Millionaire athletes, am I right?
BLUES, SAY HELLO TO GOAL-SCORING
It’s been a while since fans have seen the Blues score at this clip. The team wasn’t exactly Shitbreak in the non-scoring department, but it was holding things down. The defense is much better than last season due to the continued renaissance of Colton Parayko (14 goals!) and the additions of Cam Fowler, Philip Broberg, and Ryan Suter. Jordan Binnington has brought his Four Nations fire back with him and Joel Hofer kept Alexander Ovechkin scoreless last night in beating the Eastern Conference-leading Capitals.
But the scoring hasn’t been consistent enough, and that’s changing. The team notched their first winning streak of the season last night against Washington. The Blues sit three points behind the Canucks, who own the second wildcard slot and final playoff spot at the moment. That’s not a lot of ground to make up in 22 games. 3-4 more wins in a row would make things very interesting.
Playoffs or not, I like this team much more than when the season started. Future is brighter than it is a mile east.
UNDERRATED HACKMAN FILMS
Naming every good Gene Hackman film would require another article’s worth of writing. Following yesterday’s tribute, I still found that some were left out. He was the kind of talent who made every film much better due to his presence, even if the proceedings weren’t exactly Oscar worthy. In other words, Hackman could light up a fast food cinema restaurant. Behind Enemy Lines, with Owen Wilson playing a crashed pilot trying to gun his way out of enemy territory, is near the top of the underrated list.

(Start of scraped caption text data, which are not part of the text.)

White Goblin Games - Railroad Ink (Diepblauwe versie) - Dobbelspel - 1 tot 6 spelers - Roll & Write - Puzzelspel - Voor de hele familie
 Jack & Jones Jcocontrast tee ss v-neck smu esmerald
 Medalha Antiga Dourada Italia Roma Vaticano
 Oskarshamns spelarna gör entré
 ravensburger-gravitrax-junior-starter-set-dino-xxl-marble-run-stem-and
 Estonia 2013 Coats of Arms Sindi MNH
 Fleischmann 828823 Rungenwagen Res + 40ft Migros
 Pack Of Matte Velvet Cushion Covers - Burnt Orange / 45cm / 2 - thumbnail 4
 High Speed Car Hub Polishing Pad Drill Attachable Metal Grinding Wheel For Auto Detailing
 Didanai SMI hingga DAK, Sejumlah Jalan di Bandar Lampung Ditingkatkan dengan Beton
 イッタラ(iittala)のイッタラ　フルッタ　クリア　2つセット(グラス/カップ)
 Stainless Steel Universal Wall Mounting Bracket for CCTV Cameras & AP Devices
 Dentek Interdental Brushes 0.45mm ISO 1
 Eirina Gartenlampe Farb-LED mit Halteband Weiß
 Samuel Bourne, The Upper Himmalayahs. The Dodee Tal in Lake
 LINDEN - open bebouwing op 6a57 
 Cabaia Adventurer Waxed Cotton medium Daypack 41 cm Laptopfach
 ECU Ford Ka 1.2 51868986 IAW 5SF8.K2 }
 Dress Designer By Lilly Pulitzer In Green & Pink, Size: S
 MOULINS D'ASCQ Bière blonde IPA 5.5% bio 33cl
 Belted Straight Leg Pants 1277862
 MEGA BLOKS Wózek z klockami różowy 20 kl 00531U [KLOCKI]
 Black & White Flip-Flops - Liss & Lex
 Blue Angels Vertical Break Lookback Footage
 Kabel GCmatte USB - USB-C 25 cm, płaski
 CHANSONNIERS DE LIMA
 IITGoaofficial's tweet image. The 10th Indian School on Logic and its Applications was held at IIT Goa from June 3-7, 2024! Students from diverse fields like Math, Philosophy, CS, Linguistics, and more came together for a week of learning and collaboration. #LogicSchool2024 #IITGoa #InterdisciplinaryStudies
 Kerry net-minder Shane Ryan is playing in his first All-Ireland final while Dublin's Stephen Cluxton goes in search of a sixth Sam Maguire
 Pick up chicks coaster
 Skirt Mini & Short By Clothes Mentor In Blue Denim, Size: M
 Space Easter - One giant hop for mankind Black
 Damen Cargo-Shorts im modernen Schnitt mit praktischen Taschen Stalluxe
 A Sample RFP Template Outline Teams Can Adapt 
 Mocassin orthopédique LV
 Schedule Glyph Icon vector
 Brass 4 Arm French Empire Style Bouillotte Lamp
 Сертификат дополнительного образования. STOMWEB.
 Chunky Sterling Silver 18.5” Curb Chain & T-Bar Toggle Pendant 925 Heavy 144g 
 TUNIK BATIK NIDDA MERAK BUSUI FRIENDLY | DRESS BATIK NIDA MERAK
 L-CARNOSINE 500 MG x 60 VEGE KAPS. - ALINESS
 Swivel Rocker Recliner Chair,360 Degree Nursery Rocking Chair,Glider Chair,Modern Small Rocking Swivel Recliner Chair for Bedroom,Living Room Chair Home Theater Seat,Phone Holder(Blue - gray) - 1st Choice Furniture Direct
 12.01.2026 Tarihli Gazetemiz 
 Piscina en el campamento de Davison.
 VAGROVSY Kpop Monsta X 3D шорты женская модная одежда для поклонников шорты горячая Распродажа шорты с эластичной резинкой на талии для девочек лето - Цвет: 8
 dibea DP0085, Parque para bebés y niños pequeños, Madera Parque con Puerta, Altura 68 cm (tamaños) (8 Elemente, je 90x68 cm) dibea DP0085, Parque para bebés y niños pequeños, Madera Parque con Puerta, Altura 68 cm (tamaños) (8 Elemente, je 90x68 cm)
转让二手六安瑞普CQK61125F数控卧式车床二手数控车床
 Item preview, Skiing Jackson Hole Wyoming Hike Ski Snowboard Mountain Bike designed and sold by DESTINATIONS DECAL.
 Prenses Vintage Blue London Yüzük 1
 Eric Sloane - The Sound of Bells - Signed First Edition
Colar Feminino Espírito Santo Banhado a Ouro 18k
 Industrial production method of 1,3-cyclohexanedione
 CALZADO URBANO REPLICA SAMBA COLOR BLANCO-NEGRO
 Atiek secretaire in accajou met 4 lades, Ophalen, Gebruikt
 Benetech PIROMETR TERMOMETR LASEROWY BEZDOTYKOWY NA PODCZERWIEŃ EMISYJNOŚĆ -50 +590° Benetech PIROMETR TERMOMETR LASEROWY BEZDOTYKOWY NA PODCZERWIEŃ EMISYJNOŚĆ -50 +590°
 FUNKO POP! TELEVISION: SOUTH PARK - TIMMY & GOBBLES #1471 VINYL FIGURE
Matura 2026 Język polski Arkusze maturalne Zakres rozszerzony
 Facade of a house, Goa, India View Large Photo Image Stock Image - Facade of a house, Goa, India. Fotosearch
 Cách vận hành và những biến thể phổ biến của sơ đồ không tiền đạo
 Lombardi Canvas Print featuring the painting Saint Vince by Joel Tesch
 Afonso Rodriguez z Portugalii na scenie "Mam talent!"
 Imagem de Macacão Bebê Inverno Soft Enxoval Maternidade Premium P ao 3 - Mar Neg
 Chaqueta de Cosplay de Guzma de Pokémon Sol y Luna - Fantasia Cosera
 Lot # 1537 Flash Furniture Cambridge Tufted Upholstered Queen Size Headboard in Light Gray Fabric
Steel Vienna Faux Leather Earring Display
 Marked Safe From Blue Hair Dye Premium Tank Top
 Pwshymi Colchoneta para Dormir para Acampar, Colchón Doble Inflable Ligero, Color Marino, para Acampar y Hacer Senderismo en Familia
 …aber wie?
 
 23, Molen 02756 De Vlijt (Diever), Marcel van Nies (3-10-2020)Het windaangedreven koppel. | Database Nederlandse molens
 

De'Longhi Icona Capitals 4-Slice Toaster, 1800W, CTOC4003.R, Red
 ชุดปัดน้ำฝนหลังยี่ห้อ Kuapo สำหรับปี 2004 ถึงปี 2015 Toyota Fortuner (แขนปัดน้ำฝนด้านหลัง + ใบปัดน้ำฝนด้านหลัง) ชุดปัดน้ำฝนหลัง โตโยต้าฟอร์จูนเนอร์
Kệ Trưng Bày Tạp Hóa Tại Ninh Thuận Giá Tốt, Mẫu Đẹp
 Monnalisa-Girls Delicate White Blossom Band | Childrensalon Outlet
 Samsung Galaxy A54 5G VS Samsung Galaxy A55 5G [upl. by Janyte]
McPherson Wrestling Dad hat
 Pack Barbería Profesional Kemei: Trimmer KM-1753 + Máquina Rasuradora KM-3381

The Replacements is another one. The Quick and The Dead sung due to his presence, not Sharon Stone or Russell Crowe. Hackman elevated anything he was in. When people talk about Daniel Day Lewis and Tom Hanks being the greatest actors, they shouldn’t forget about Hackman. He could hang with or pass up either of them.
The circumstances of his death, along with his wife and dog, become more bizarre with each passing day. I’ll just say when you’re that old, a fall can cause so much harm. Hopefully, the causes of death gives their families some peace. For the rest of us, his movies will have to fill the void.
Keep your head up and if you find a potion that makes life easier, pass it along.